#### WORK ITEM
Give the lines below again, exactly as they stand, and leave out the images.

#### DATASET CONTENT
- - - - - - -
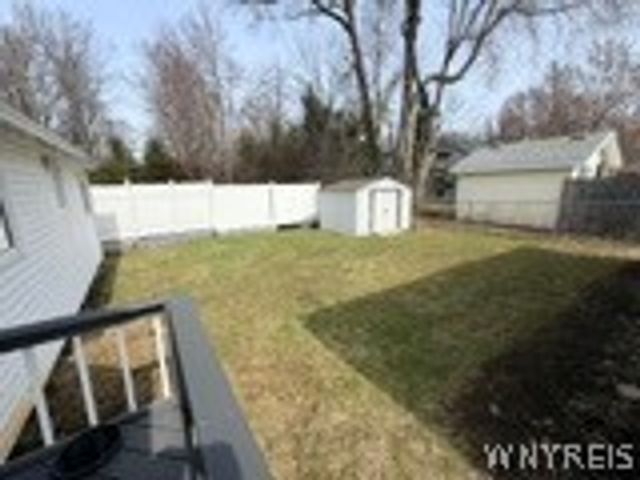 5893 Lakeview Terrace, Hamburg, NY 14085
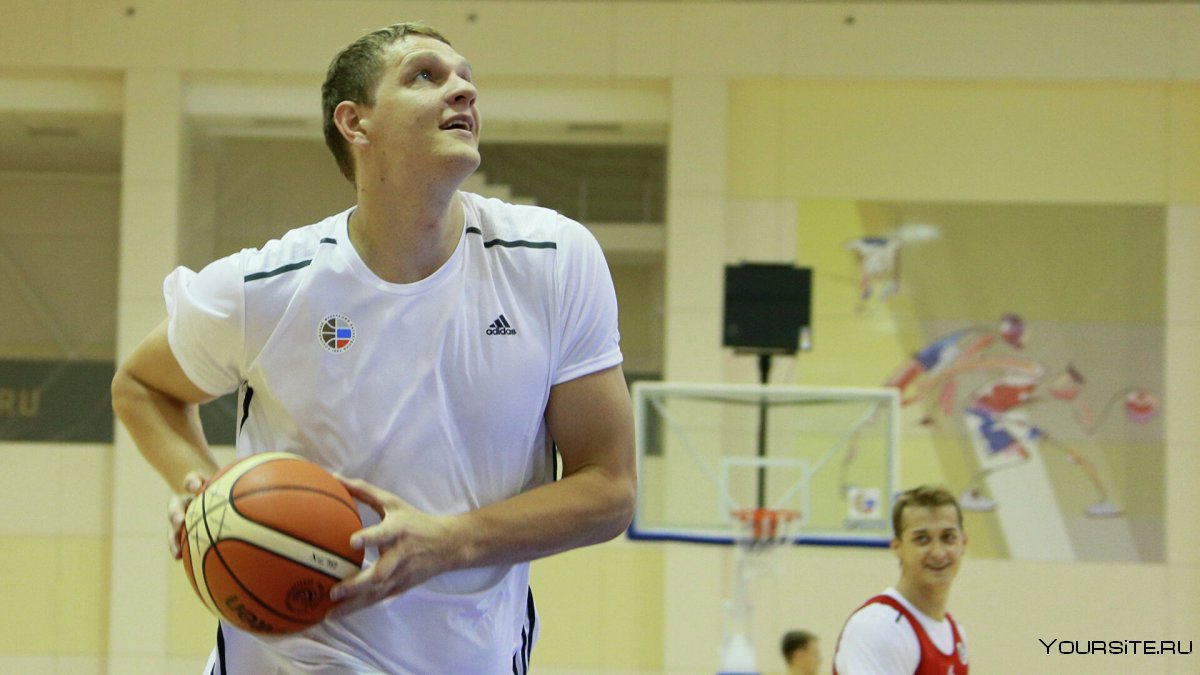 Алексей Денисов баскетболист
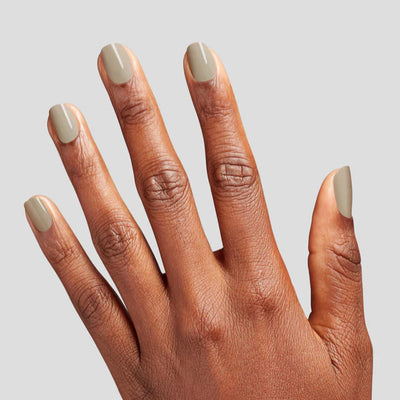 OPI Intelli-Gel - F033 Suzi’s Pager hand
- - - - - - -
#### OUTPUT BELOW
 5893 Lakeview Terrace, Hamburg, NY 14085
 Алексей Денисов баскетболист
 OPI Intelli-Gel - F033 Suzi’s Pager hand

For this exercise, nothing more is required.